Un historien du génocide face à Israël

Porteur de la double nationalité étatsunienne et israélienne, professeur à l’université Brown de Providence (Rhode Island), éminent historien de la Shoah et des génocides du XXe siècle, Omer Bartov a servi sous le drapeau israélien et connu le feu pendant la guerre d’octobre 1973. De retour d’un voyage dans son pays natal en juin 2024, il s’avoue effrayé par l’évolution et les actions d’Israël et l’aveuglement politique et moral de ses concitoyens, et dénonce l’interminable offensive israélienne à Gaza comme coupable de « crimes de guerre, de crimes contre l’humanité et d’actions génocidaires systématiques ». Cet article paru initialement dans The Guardian le 13 août 2024 est traduit de l’anglais par Marc Saint-Upéry.
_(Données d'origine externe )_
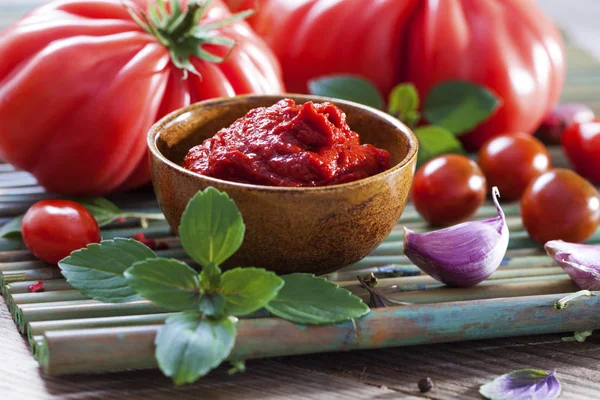 Tomatsås på bord — Stockfoto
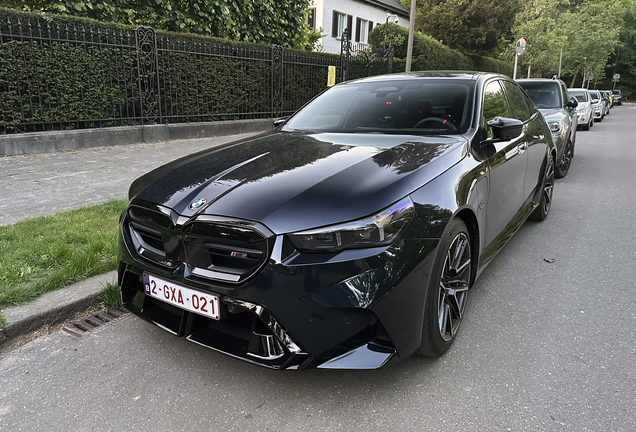 BMW M5 G90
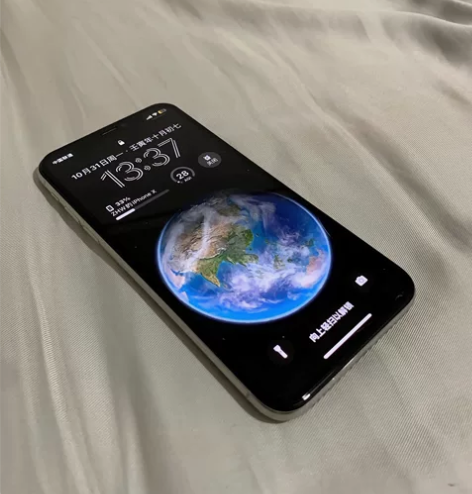 本人自用一手iPhoneX，便宜出 可以插...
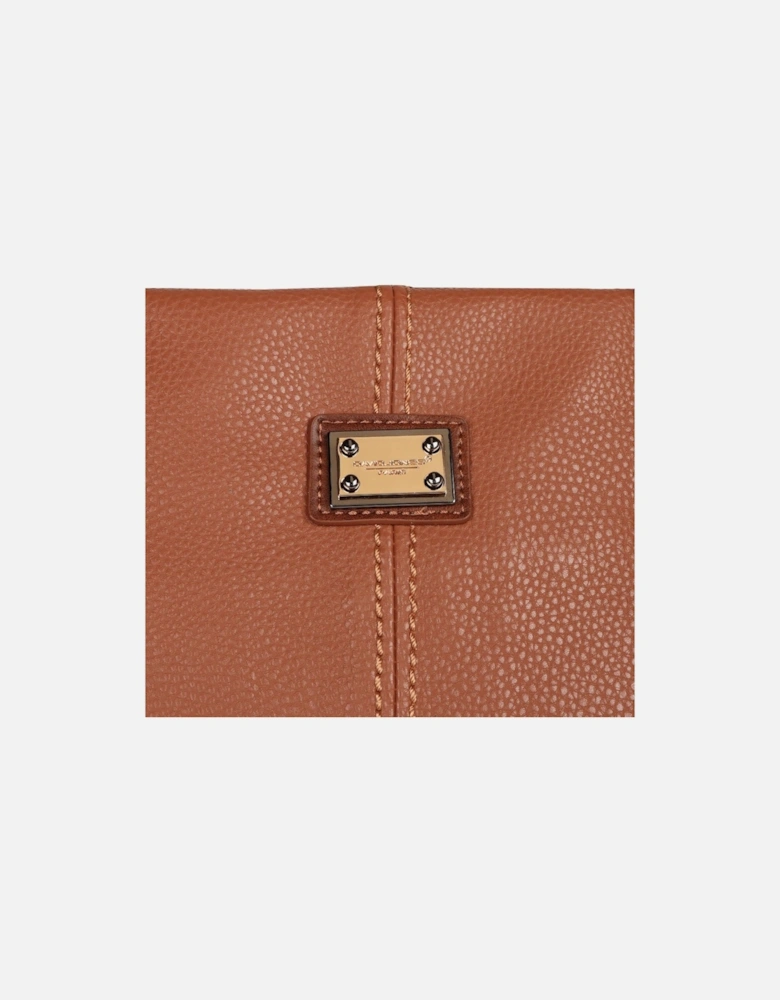 Spruce Holdall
Le 19 juin 2024, je devais donner une conférence à l’université Ben-Gourion du Néguev à Beersheba, en Israël. Mon intervention s’inscrivait dans le cadre d’un événement sur les manifestations d’étudiants contre Israël dans le monde. J’avais choisi comme sujet la guerre à Gaza et, plus généralement, la question de savoir si ces manifestations étaient des expressions sincères d’indignation ou si elles étaient motivées par l’antisémitisme, comme le prétendaient certains. Mais les choses ne se sont pas déroulées comme prévu.

Lorsque je suis arrivé à l’entrée de l’amphithéâtre, un groupe d’étudiants m’y attendait. J’ai vite compris qu’ils n’étaient pas là pour assister à ma conférence, mais pour protester contre elle. Apparemment, ils avaient été convoqués par un message de WhatsApp diffusé la veille qui signalait ma présence et appelait à réagir : « Nous ne pouvons pas laisser faire ! Combien de temps encore allons-nous nous accepter de trahir notre propre cause ?!?!?!?!! »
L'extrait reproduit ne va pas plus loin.